All fine and dandy Phil, but let's face it, Labour played an absolute STINKER in Isleworth & Syon last time round.
Surely they won't perform as ineptly in 2010, will they ?

Phil Andrews said...

@ H4PM

It's not for me to tell Labour how to fight an election campaign, but all the signs are they'll stick to the tactics that have proved to be so successful against us in the past.

In 2006 they had this masterplan, you see. The ICG was too small and inexpert to fight a big campaign in more than one ward simultaneously. After all THEY were the political experts, weren't they? Let's face it, their whole philosophy hangs on the community being incapable of organising itself!

So the plan was this. Throw everything into Isleworth, and reveal the fact of my past associations to all the voters of that ward - they were sure to be just horrified by such a discovery, especially with a bit of insinuation on the doorsteps (unwritten, naturally) about my colleagues too. Scare the minorities out of their wits and throw in a few dirty tricks for good measure. The ICG will then have no choice but to come back and defend their own backyard in the face of such an impressive campaign and forget any notions about winning seats elsewhere.

Meanwhile Labour could sit back in Syon and do sweet FA, after all the ICG doesn't have a presence anywhere in Brentford.

Worked a treat, didn't it?

Anonymous said...

Well it had you going didnt it if you need to plant fries to win council seats typicle nazi fashion!

Phil Andrews said...

@ Anonymous

I've allowed this one through but I don't understand the point of it. What do you mean by "plant fries"?

Anonymous said...

FIRES, idiot!

Phil Andrews said...

Well I'm sorry David but it would appear that you are the idiot, as you clearly wrote "fries".

But one doesn't "plant" fires in any event.

One can of course "plant" a bomb. Are you trying to tell me that that sad effort in Woodstock Avenue has now been elevated in NuLab mythology to a bomb? Do you STILL not understand that you are fooling nobody but yourselves?

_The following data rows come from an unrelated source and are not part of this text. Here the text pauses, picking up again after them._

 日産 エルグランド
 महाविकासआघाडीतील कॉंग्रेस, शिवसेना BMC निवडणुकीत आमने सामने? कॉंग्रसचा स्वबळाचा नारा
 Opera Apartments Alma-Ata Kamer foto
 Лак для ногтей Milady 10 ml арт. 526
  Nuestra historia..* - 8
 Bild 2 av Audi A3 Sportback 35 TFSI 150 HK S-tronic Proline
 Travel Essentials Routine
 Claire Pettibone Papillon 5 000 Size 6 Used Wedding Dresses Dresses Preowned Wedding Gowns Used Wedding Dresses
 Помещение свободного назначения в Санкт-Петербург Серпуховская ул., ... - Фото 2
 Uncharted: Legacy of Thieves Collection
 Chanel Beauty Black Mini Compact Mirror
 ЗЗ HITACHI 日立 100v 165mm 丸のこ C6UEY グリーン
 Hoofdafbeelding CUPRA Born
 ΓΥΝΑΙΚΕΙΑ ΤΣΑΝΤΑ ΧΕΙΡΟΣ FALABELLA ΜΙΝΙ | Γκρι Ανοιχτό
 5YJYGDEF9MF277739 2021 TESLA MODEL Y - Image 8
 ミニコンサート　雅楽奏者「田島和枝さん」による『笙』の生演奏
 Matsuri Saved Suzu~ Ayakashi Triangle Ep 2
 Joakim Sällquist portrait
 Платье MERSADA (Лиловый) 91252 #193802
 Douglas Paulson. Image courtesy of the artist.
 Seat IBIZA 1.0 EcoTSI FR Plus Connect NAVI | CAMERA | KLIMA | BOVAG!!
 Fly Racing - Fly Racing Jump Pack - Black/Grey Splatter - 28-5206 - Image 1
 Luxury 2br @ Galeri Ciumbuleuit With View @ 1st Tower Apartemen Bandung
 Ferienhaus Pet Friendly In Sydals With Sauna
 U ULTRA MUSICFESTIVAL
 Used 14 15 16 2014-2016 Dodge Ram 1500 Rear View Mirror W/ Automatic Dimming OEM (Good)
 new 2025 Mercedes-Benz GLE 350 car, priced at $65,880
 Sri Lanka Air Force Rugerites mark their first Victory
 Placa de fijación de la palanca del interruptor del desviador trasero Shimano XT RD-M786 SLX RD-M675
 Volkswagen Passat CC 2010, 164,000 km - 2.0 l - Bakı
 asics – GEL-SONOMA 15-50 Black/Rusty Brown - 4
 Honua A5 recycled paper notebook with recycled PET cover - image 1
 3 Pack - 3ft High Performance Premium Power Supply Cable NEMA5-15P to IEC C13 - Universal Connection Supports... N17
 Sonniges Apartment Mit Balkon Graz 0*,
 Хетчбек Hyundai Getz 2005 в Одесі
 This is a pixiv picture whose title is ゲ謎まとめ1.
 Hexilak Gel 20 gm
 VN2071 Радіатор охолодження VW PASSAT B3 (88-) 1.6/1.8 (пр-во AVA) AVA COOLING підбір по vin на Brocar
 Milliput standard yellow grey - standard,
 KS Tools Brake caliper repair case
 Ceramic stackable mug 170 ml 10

How sick you must have been when the Chronicle, whose deadline it was timed for, took an editorial decision not to report it until after the election. Still, there was always the scumbag Gilligan wasn't there?

Like I said David, at the end of the day it really paid electoral dividends didn't it? Four more years in the wilderness in Isleworth and out of office for the first time in 35.

And this numbnuts calls ME an idiot!

Anonymous said...

Who cares WHAT you think, noone reads youre 'look at me I'm impotant blog' and the isleworth and syon nazi party is on its way to oblivon that is what you get for being Torys lickases!

Phil Andrews said...

Fair enough David. I accept that you never read my blog.

Anonymous said...

I wonder id antone from Hounslow Homes reads your Blog Phil?

Right I`m off for a stroll to the shops id I can find my Jackboots!

Phil Andrews said...

Paul

If you keep striking erroneous keys people are going to start thinking that you've morphed into David Hughes. ;o)

Anonymous said...

Cllr Fisher

Not only do people at Hounslow Homes read Cllr Andrews's blog, but one or two of them like to sit and read it through a thing called Netdisaster, which you might have heard of.

I've sent him the names of a couple of them. He might feel that people who have time to waste spreading cow dung on his photo while the rest of us are slaving away could be more usefully deployed doing something else.

Anonymous said...

They fit perfectly, now when can we start yomping 'round the borough planting fries ?
In fact, when can we start terrorizing/victimizing all the people we've supposed to have been terrorizing/victimizing for the last ten years ?
Building a 600 space car park without permission would be a start.
It's not fair, we never do ANYTHING naughty !

Anonymous said...

King David has spoken - THE ICG PLANT FIRES !
Game over Phil, you can't possibly survive this.
Only a matter of time before your superior opponent finally delivered the fatal knockout blow.